Joe Cole was shot dead in 1991 at age 30 during a home-invasion robbery in the Venice section of Los Angeles. His murder remains unsolved. After the murder of his son, Cole became an activist speaking against violence on television. He worked with the Nicole Brown Charitable Foundation to raise awareness for crime victims, and with the American Cancer Society, Arthritis Foundation, Cystic Fibrosis Foundation and other charitable organizations.

==Later years==
Dennis was a regular celebrity attendee at the annual Madden Derby Eve party hosted by Anita Madden in Lexington, Kentucky. Dennis was Madden's escort for the event for several years.

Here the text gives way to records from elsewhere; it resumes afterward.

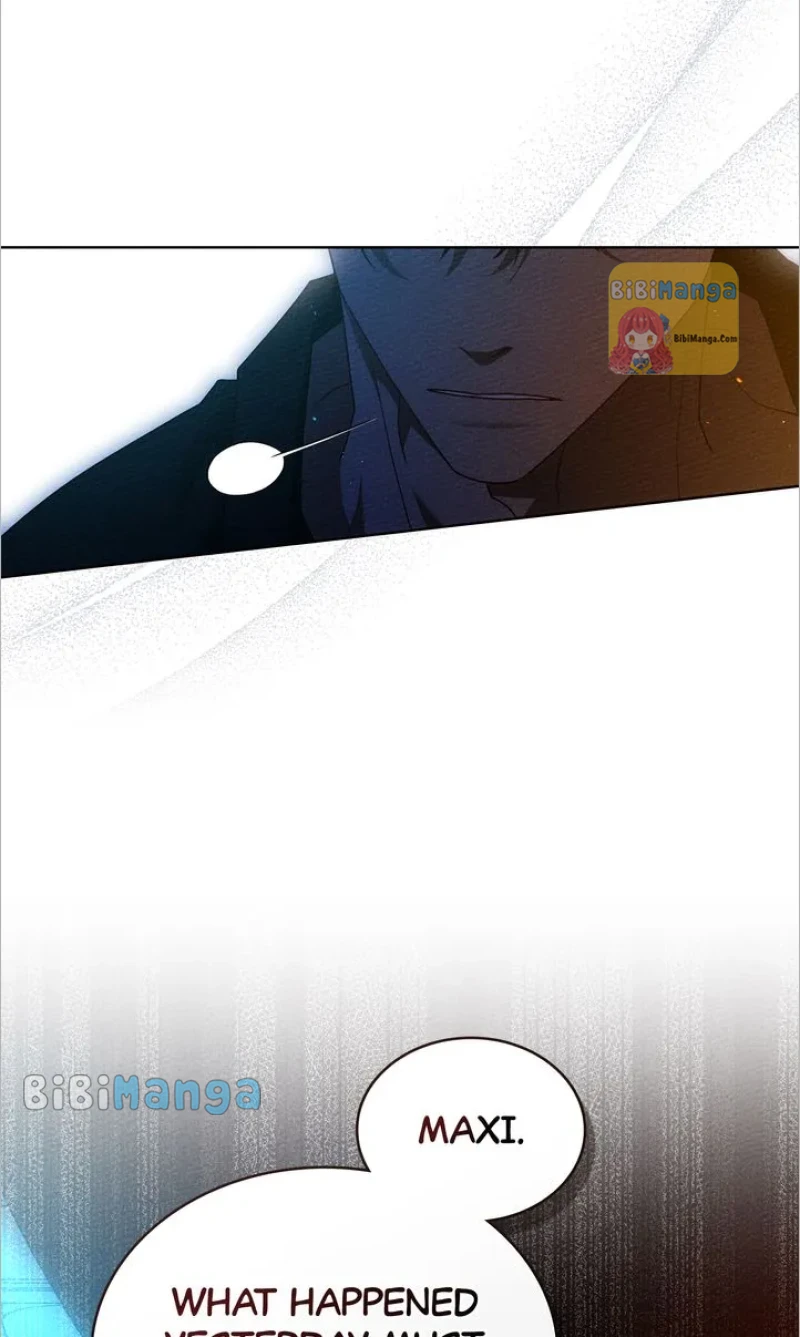 Under the Oak Tree Chapter 74 image 21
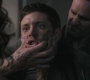SPN_1109.jpg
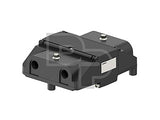 Hydraulic ABS D ECU FRM 12V REV/M 500 446-109-011-0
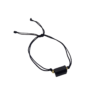 pulsera hilo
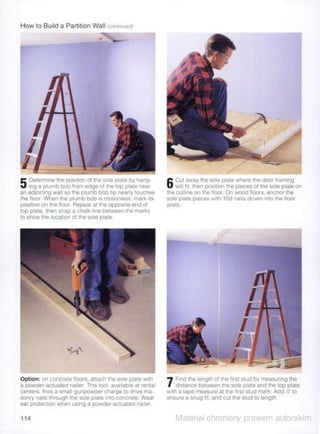 31062126 the-complete-guide-to-home-carpentry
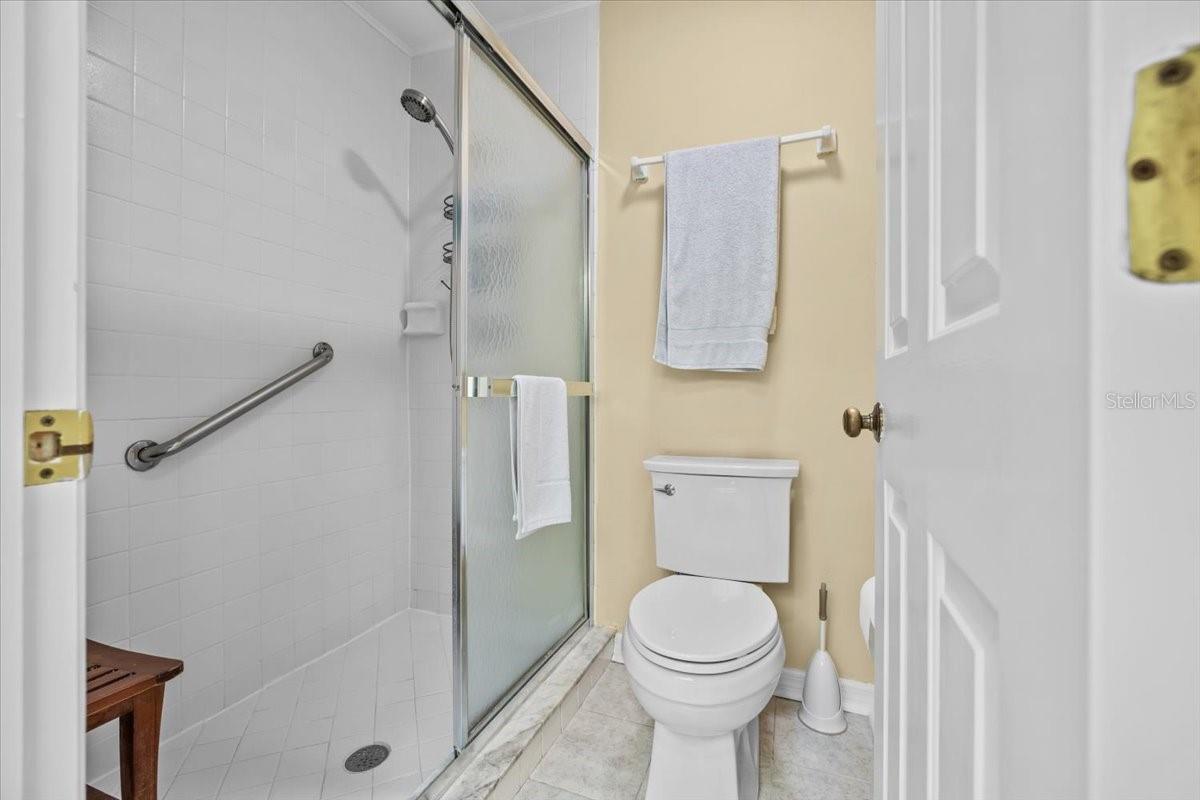 235 WOODRIDGE CIR, OLDSMAR, FL, 34677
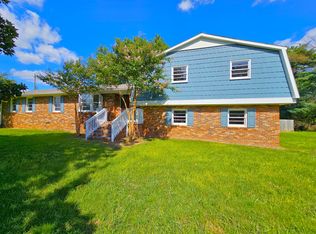 1198 Holly Springs Rd, Lyman, SC 29365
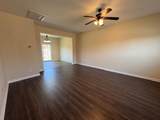 4007 Corner Stroll Lane - Photo 3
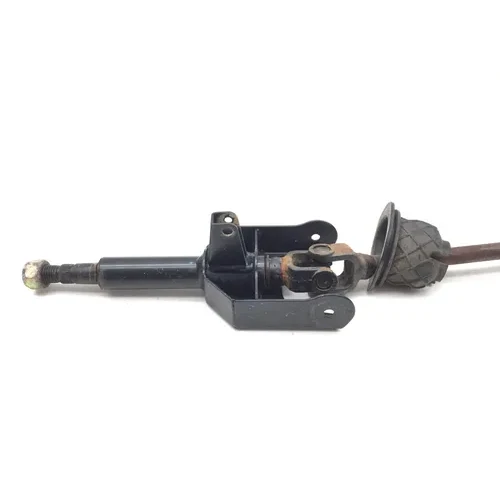 Steering Shaft Column 2018 Can-Am Maverick Trail 800R 4X4 2763A x 7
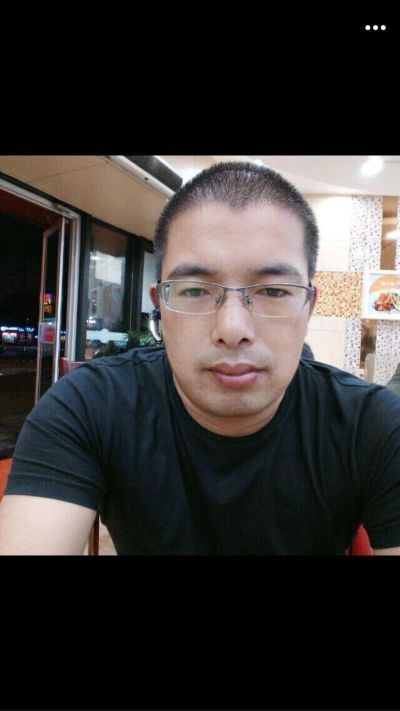水电安装维修安装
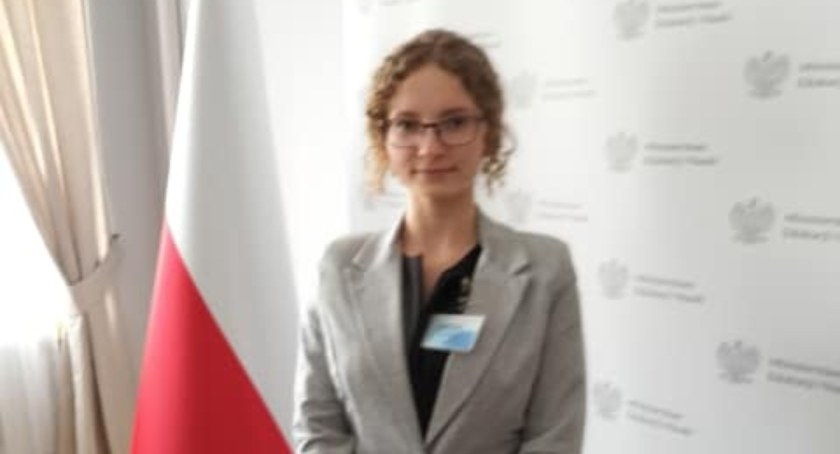 O przyjaźni polsko-węgierskiej wiedzą bardzo dużo! 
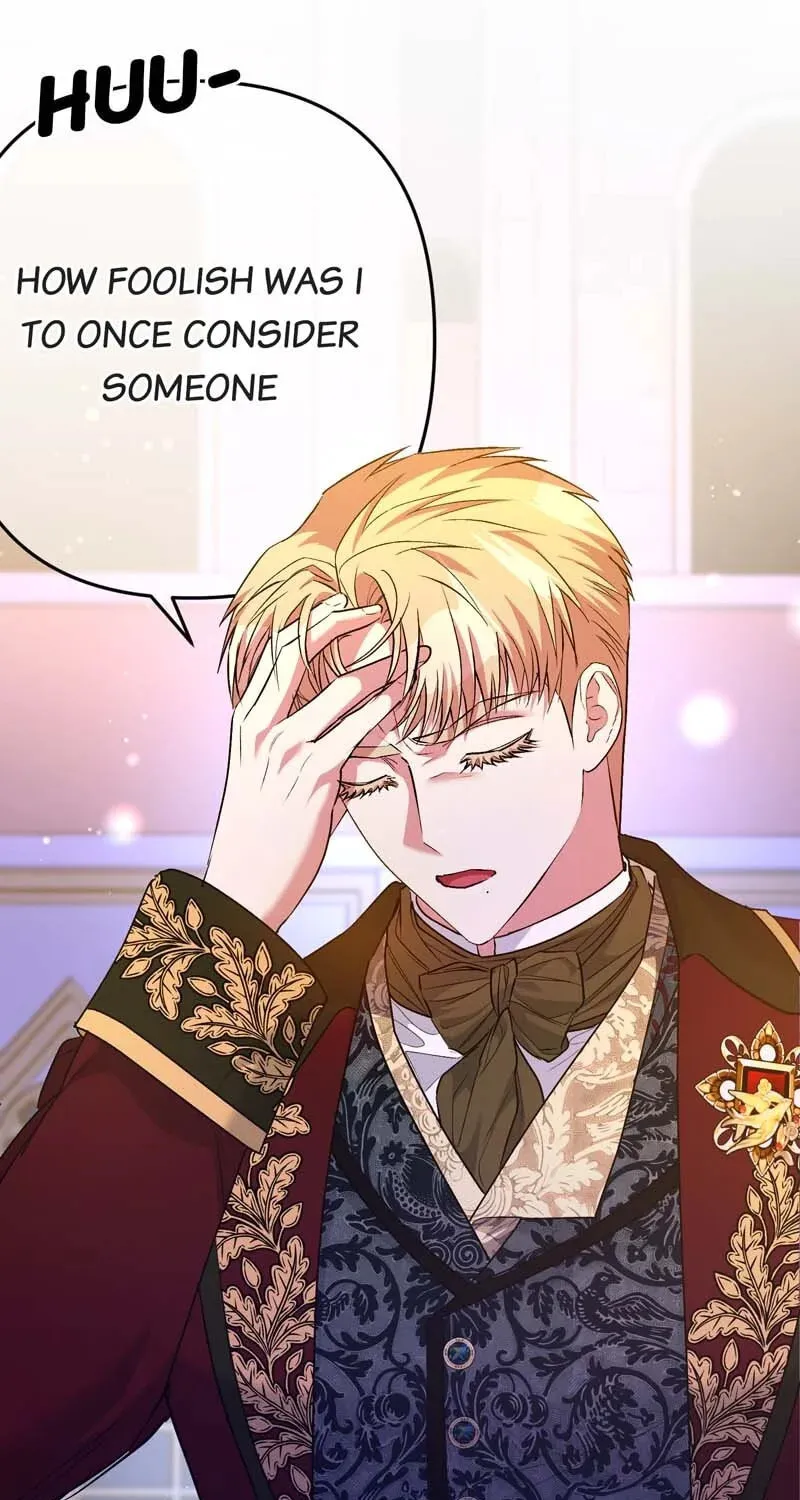 Read My Second First Marriage chapter 71 image 34 on Lezhin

Cole performed as the Narrator in a production of Blood Brothers and as King Marchan in the first national tour of the musical Victor/Victoria. While working on a national tour of Victor/Victoria, Cole was injured and spent three years recovering.

Cole relocated to Fort Lauderdale, Florida, in 1999, where he became a real-estate broker and opened his own real-estate company with his third wife Marjorie Cole, whom he married in 2004. The couple owned and operated Celebrity Realty, Inc. The couple divorced in 2008 after claims of domestic violence that eventually resulted in Cole's arrest for obstruction of justice.

==Death==
Cole died of kidney failure at Holy Cross Hospital in Fort Lauderdale, Florida on November 15, 2009. He was 69 years old. Cole was buried at the Forest Lawn, Hollywood Hills Cemetery in Los Angeles.